The minority judgment by Rogers J approached the question differently. The starting point should have been to identify what the arrangement was and why it was impermissible, and then to ask to which arrangement ABSA was a party. On that approach, ABSA was a party to the first step and the last step. If it did not know about the steps in between, it could not have been a party to them.

The concept of an “arrangement” is wide enough to include ordinary commercial dealings. However, the GAAR is only concerned with those arrangements that are avoidance arrangements. I would perhaps have expected more debate as to which arrangement(s) constitutes the avoidance arrangement, and only then whether ABSA was a party to that.

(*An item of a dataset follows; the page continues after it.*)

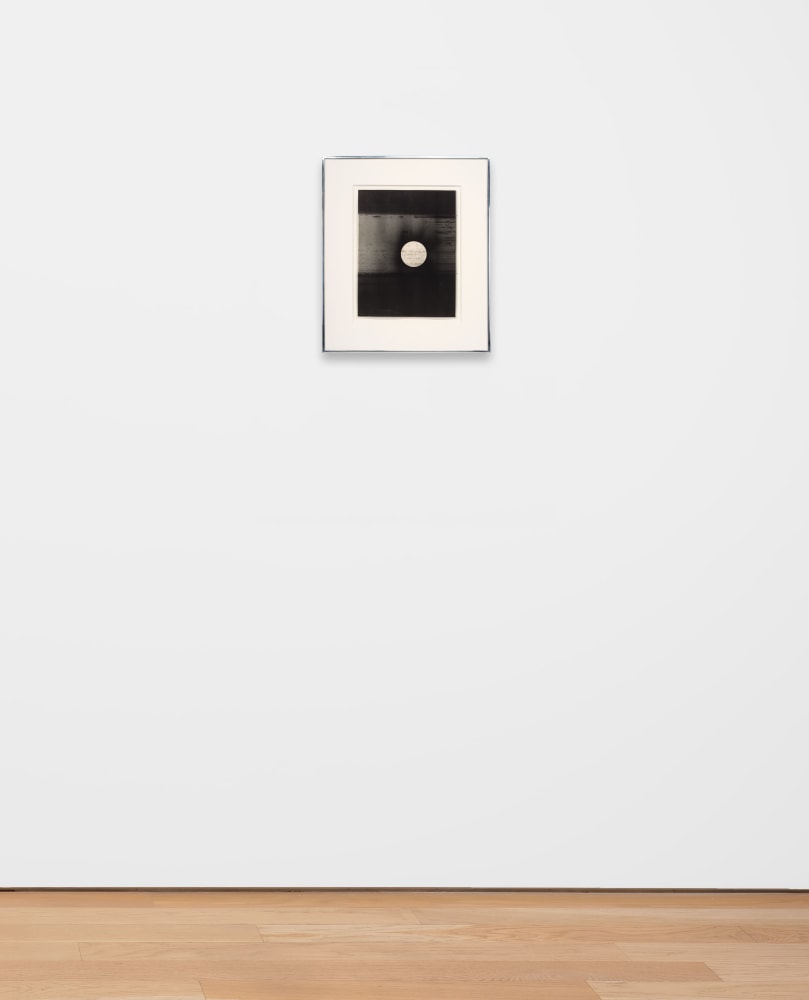 Marsha Cottrell, Untitled, 2017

Did ABSA derive a tax benefit?

ABSA argued that what it received was a preference dividend that would have been exempt in any event. The tax benefit from the arrangement accrued to another party further along the chain.

Section 80B

The majority drew attention to the wording of section 80B, which empowers SARS to determine the tax consequences for any party to an impermissible avoidance arrangement. On that reading, the party whose tax position is adjusted need not be the party that received the tax benefit. In my view, this is a significant statement of principle. It, however, recedes in the rest of the analysis, because the majority concluded that ABSA itself derived a tax benefit. Rogers J, in the minority judgment, expressed the view that only the party that obtained the tax benefit should have its tax position adjusted under section 80B.

Meaning of tax benefit

The majority reasoned that the arrangement must be stripped of its avoidance features to establish whether a tax benefit exists. The majority concluded that the exempt preference dividends received by ABSA were functionally or in substance equivalent to taxable interest. They concluded that that this was where ABSA’s tax benefit lay. The benefit took the form either of what should have been taxable interest, or of a smaller exempt dividend if PSIC4 had paid tax on the interest before it was distributed up the chain.

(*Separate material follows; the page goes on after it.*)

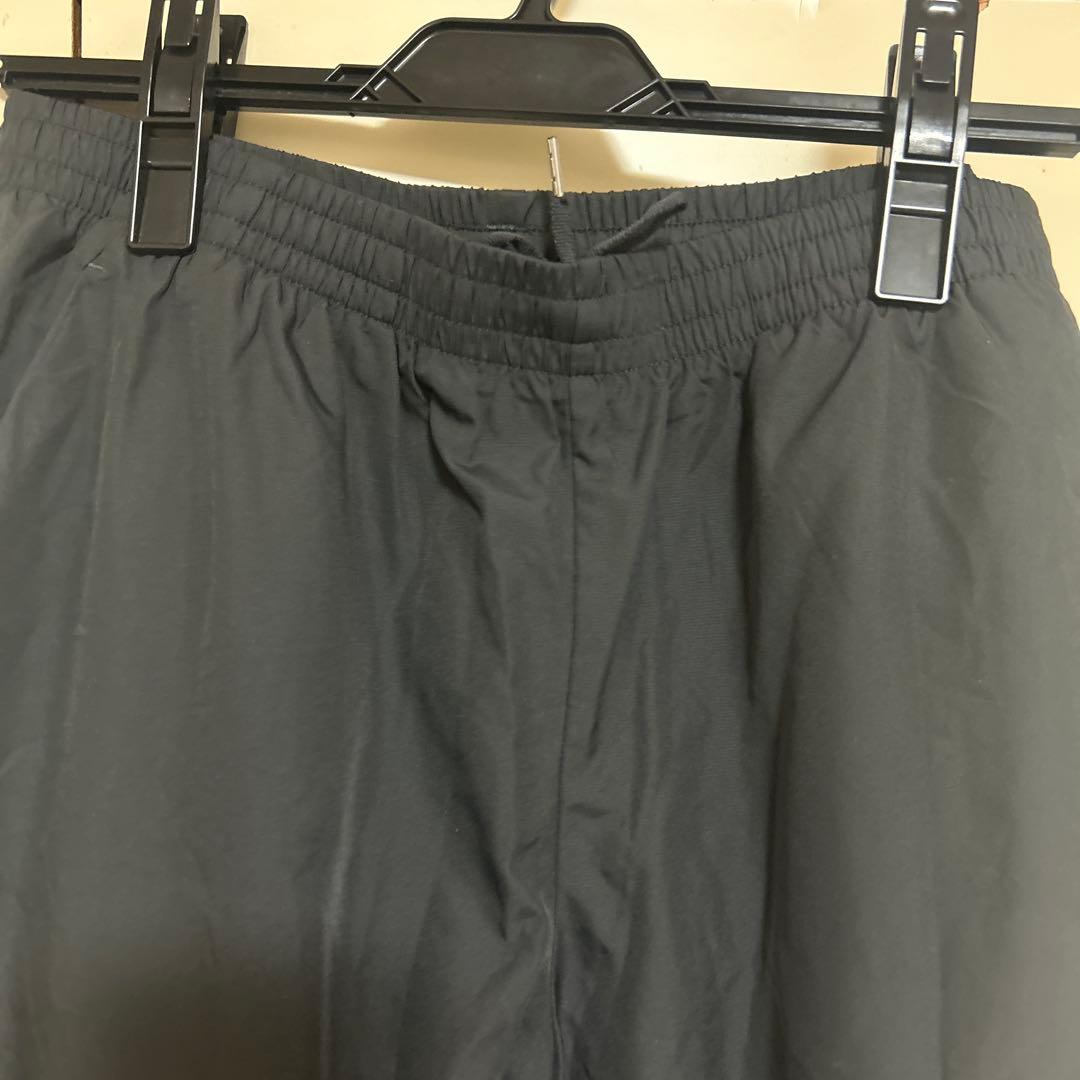 Under Armour フード付きジャケットMとパンツSセット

The minority arguably adopted a narrower interpretation. A tax benefit is a defined term referring to a liability for tax under the Act that has been reduced. The “but for” test calls for a comparison between what actually happened and a plausible counterfactual. The plausibly different step is the swap of the MSSA interest for the Brazilian government bond interest. On that analysis, the parties whose tax liability would have been higher are the D1 Trust or PSIC4, not ABSA. ABSA’s benefit was economic rather than a tax benefit. The preference dividends it received would have been exempt either way.

The reasoning that an exempt preference dividend is functionally equivalent to taxable interest sits, in my view, uncomfortably alongside the specific anti-avoidance rules in sections 8E and 8EA of the Income Tax Act, which target preference shares with the characteristics of debt. One possible reading of the majority judgment is that preference shares falling outside sections 8E and 8EA could still come under pressure from the GAAR on the basis that the dividend is in substance interest, despite not falling within the ambit of these sections. In my opinion, the thread in the majority’s reasoning that ABSA’s tax benefit was in the form of receiving a larger exempt dividend than it would have received had PSIC4 paid tax on the interest, perhaps fits more comfortably with the overall logic of the judgment.

Take-home message

The judgment opens interpretations that may widens the practical reach of the GAAR in several respects. Firstly, the concept of “party” extends to any person in the chain of transactions. This is irrespective of knowledge of the intervening steps. Secondly, the party whose tax position is adjusted under section 80B need not be the party that obtained the tax benefit. Lastly, the concept of tax benefit requires a purposive reading. It should take into account the benefits derived by each party in the chain. This judgment warrants that taxpayers approach any arrangement with a flavour of a tax avoidance scheme or product with extreme caution.